Even when circumstances do change, it's not clear that the government may renege on such a pledge. Wilson was returned in 1916 on a pledge to keep the USA out of WW1. Less than a year later, in changed circumstances, he took the USA into the war, with overwhelming support of the population. Had he held a referendum, it is clear that it would have passed. Should he have held one? I think he should have, but let Mackenzie King have his say:
When those who hold representative and responsible positions have given a definite promise to the people, they have created an obligation to act in accordance with that promise, until the people are again consulted. Such an obligation may not be binding according to law, but as an obligation it is no less sacred.It should be noted that, even after the referendum passed with 64% of the vote, releasing the government from its promise never to send conscripts overseas, conscription was not introduced until 2½ years later, and even then only after a political crisis.

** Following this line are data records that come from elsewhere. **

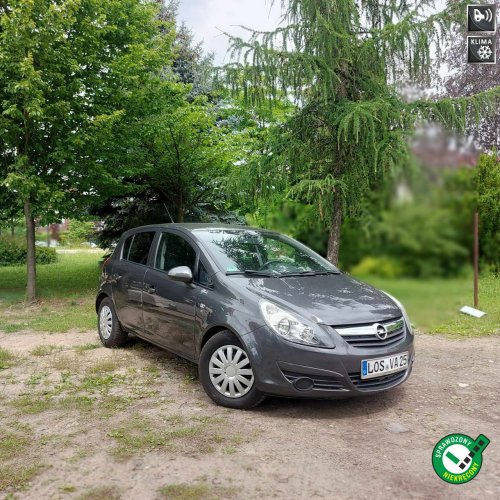 Opel Corsa Zadbany   Opłacony D (2006-2014)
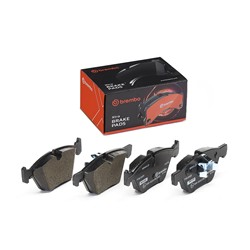 Brembo Xtra Low-Met Brake Pads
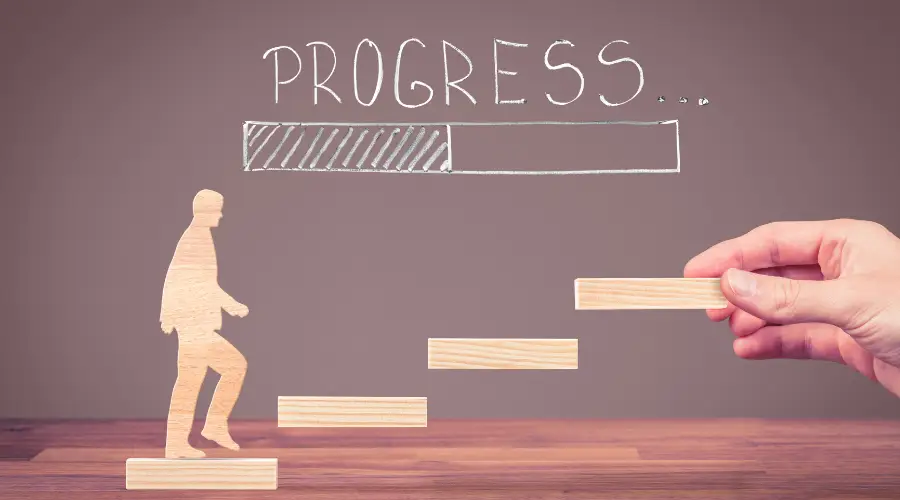Customer's Progress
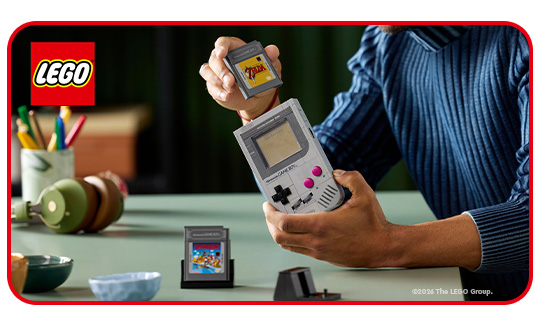 LEGO Super Mario 72046 Game Boy Set for Adults Nintendo Gameboy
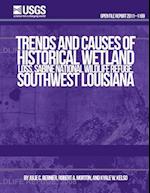 Trends and Causes of Historical Wetland Loss, Sabine National Wildlife Refuge, Southwest Louisiana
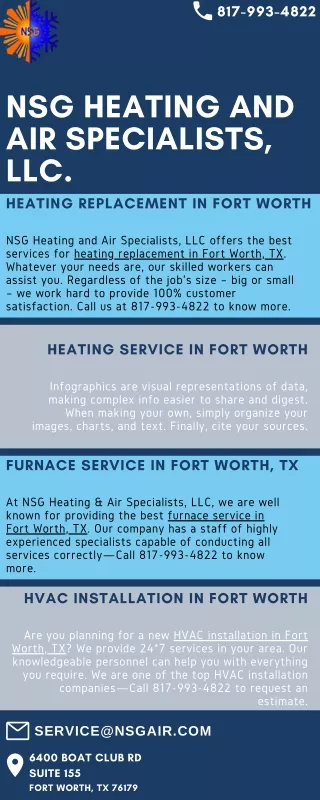 Heating Service in Fort Worth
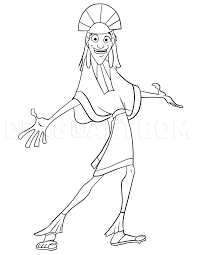 The spruce / wenjia tang take a break and have some fun with this collection of free, printable co. How To Draw Kuzco Step By Step Drawing Guide By Dawn Dragoart Com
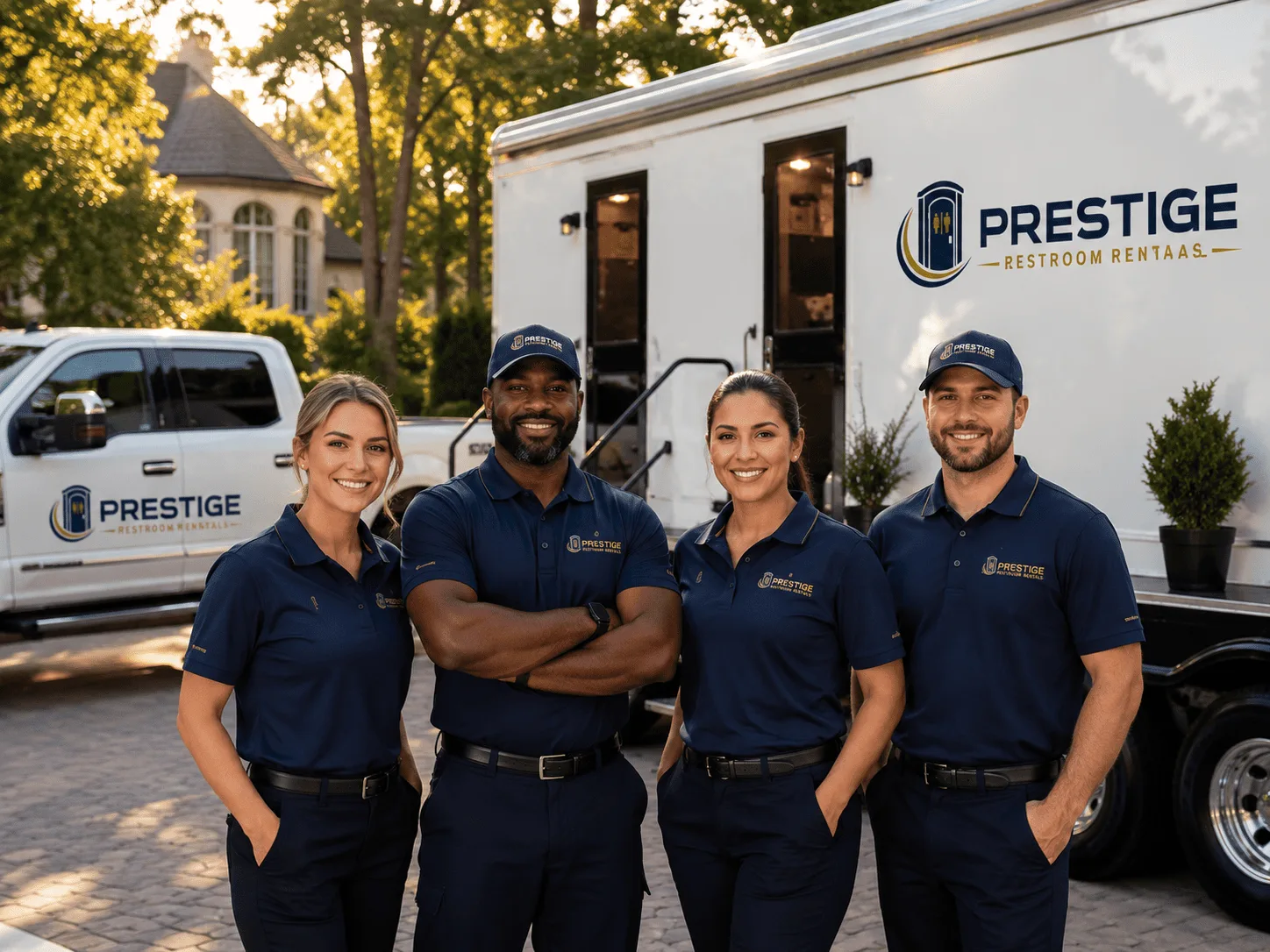 Trusted Luxury Portable Restrooms company in Barclay, MD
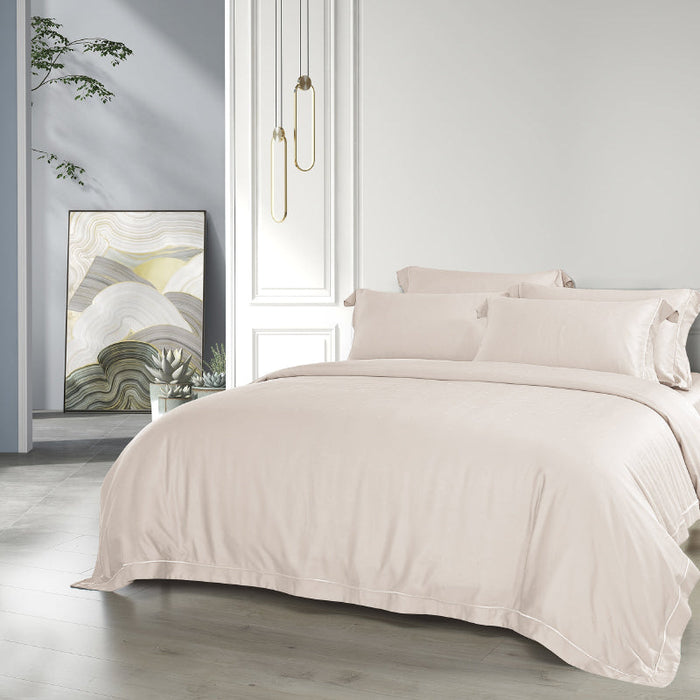 Modal Tencel 1400TC Dobby Bedsheet | Bedset | MD3065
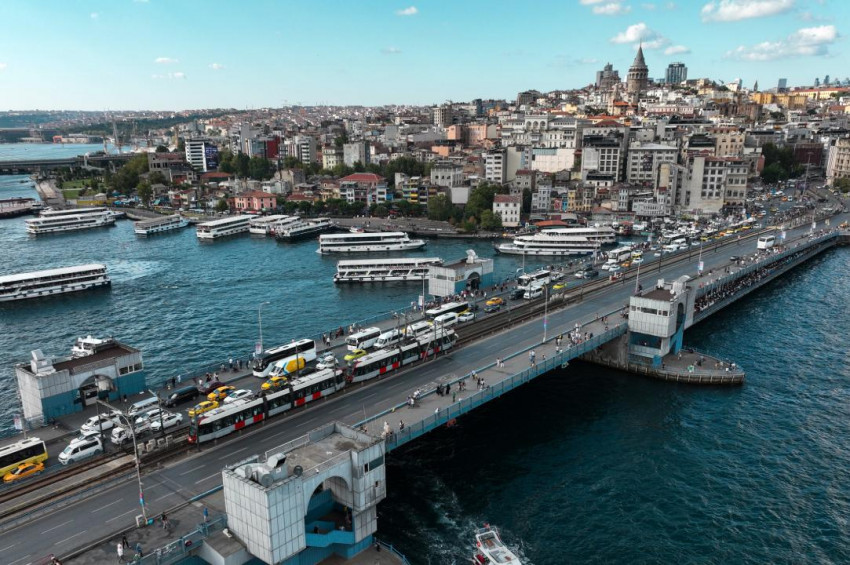 Yeni Galata Köprüsünde 40 gün bakım çalışması yapılacak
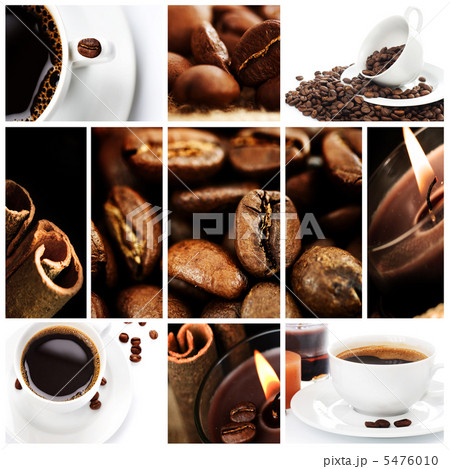 Beautiful Coffee Collage 5476010
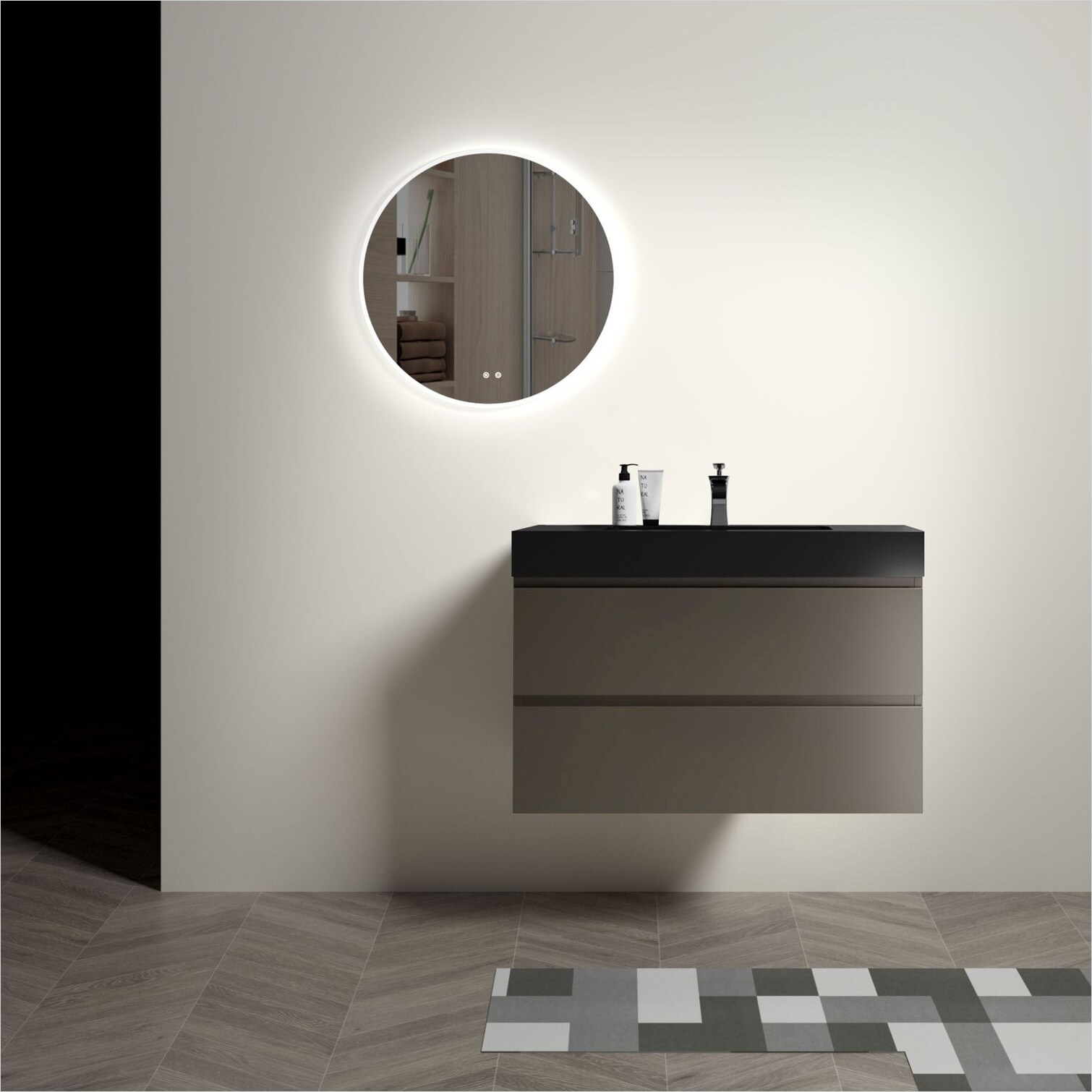 FlowLuxe 0D0N9SU9UBEU Bath-Vanity-Combo - View #3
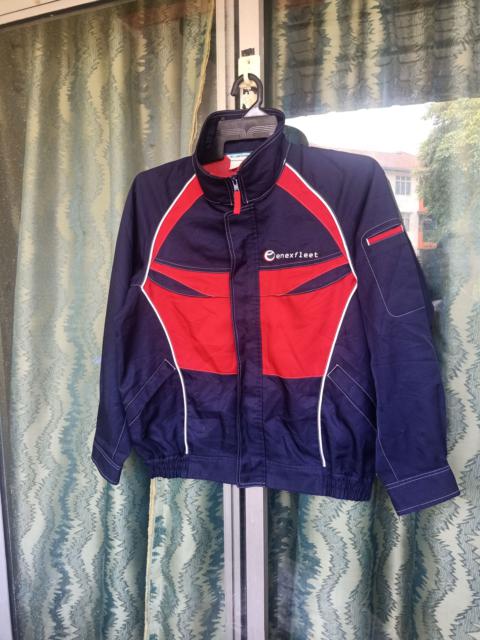 Other Designers Uniform Wares - Rare 🔥 Enexfleet Work Wear Bombers Jacket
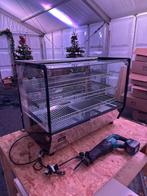 Tafelmodel warmhoudvitrine - 120 liter, Zakelijke goederen, Horeca | Keukenapparatuur, Ophalen of Verzenden, Koelen en Vriezen
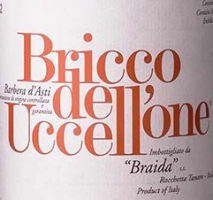 Barbera d’Asti Bricco dell’Uccellone 2021 BRAIDA GIACOMO BOLOGNA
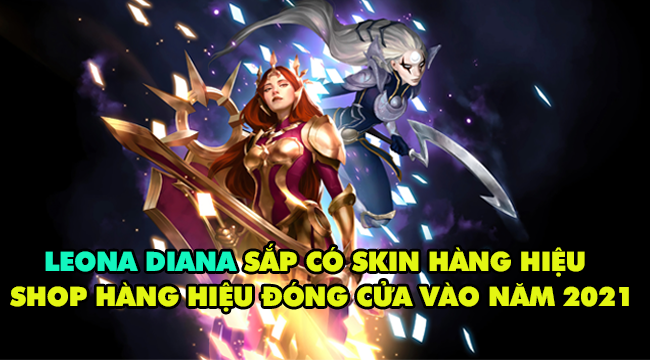 LMHT: Diana, Leona, Fiora, Lulu chuẩn bị có trang phục Hàng Hiệu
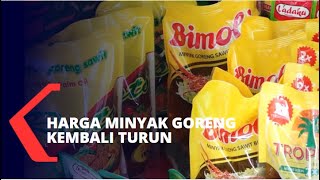 Harga Minyak Goreng Kemasan Premium Rp 14000 Per Liter [upl. by Leinaj]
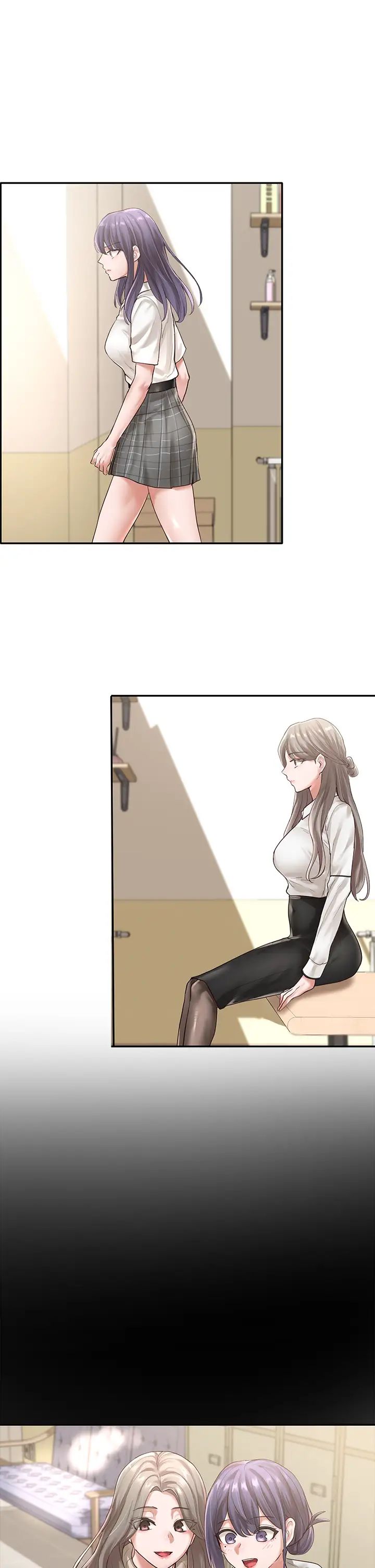 社團學姊第49話-毅傑，可以抱抱我嗎?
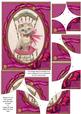 Christmas Cat 7x5inch All 4 Corner Stacker Card Front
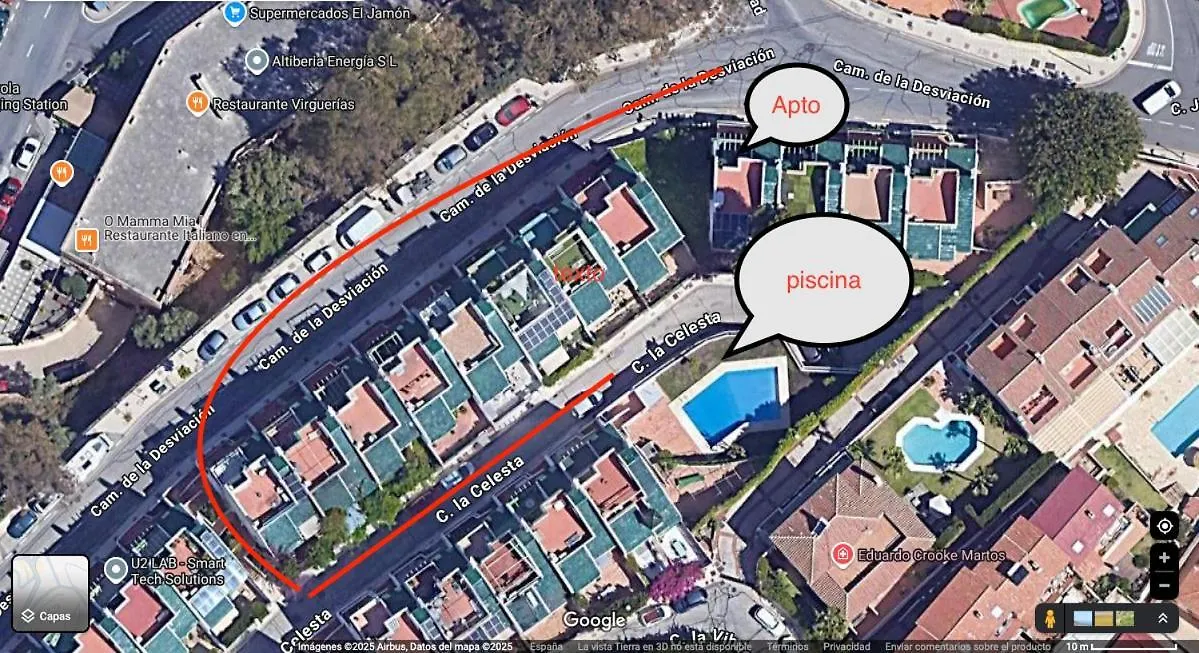 El Nido Del Ama Lejlighed Málaga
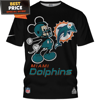 Miami Dolphins Mickey Big Fan T-Shirt, Miami Dolphins Gifts For Men - Best Personalized Gift & Unique Gifts Idea.jpg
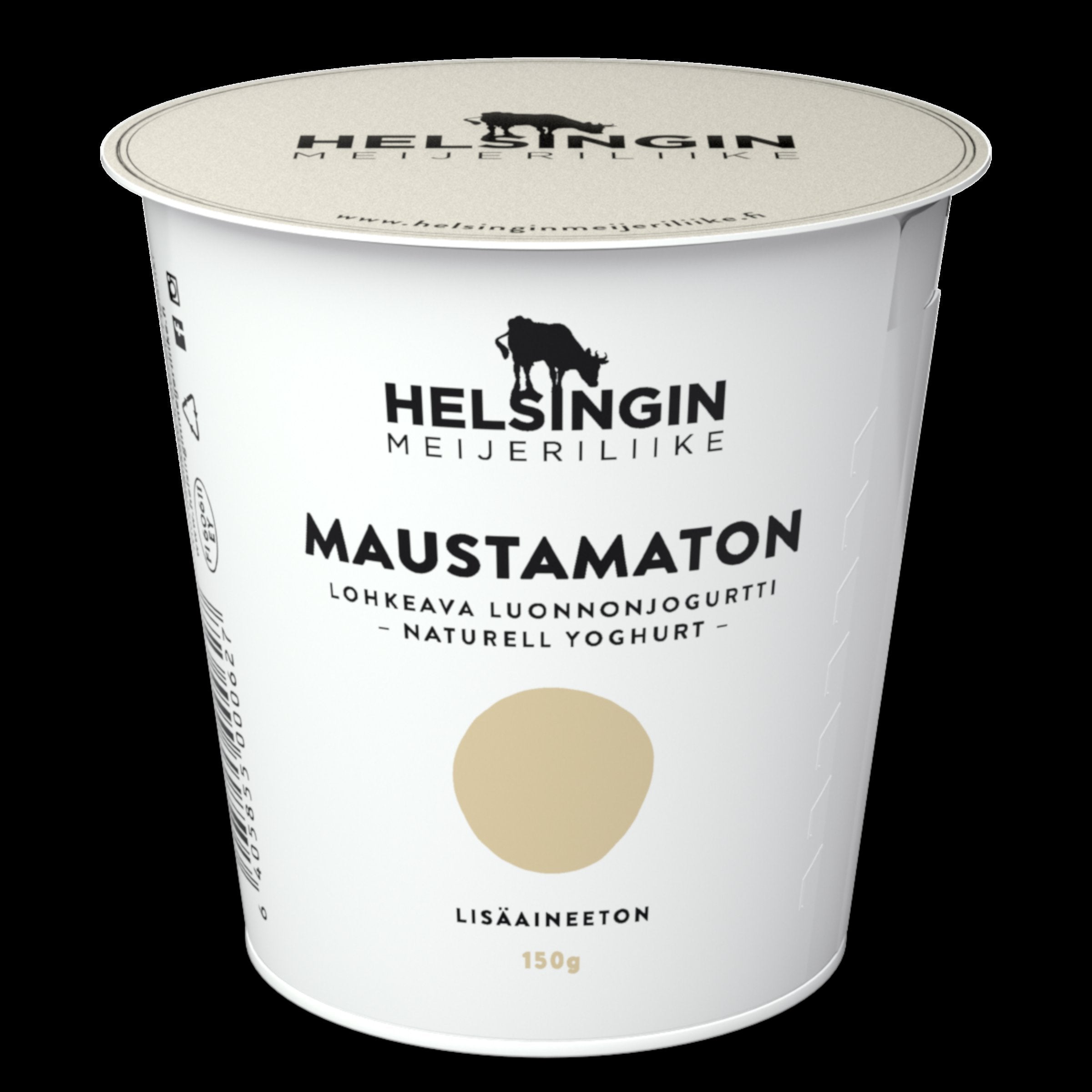 Helsingin Meijeriliike - Maustamaton - lohkeava luonnonjogurtti 150g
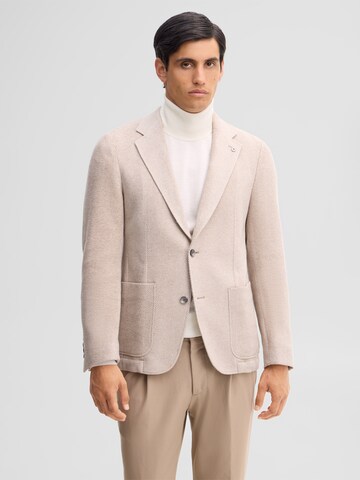 Coupe regular Veste de costume STRELLSON en beige : devant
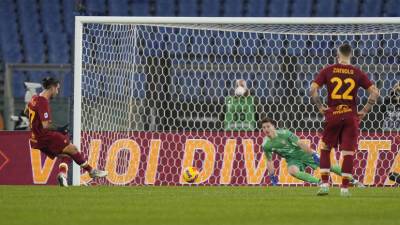 Гол Оливейры принёс победу «Роме» над «Кальяри» в матче Серии А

There are those, I know, who make light of what they call "political promises." It will, I think, be generally agreed that a political platform or programme is one thing; a definite and concrete promise or pledge is quite another. Because of circumstances, a government may, without breaking faith, fail to carry out, to the letter, its full programme. No change in circumstances could, however, justify a government in ignoring a specific pledge to the people, unless it was clear that the safety of the nation was immediately involved, and there was no possibility of consulting the people.
The dictator Sharon is obviously cut from a different cloth.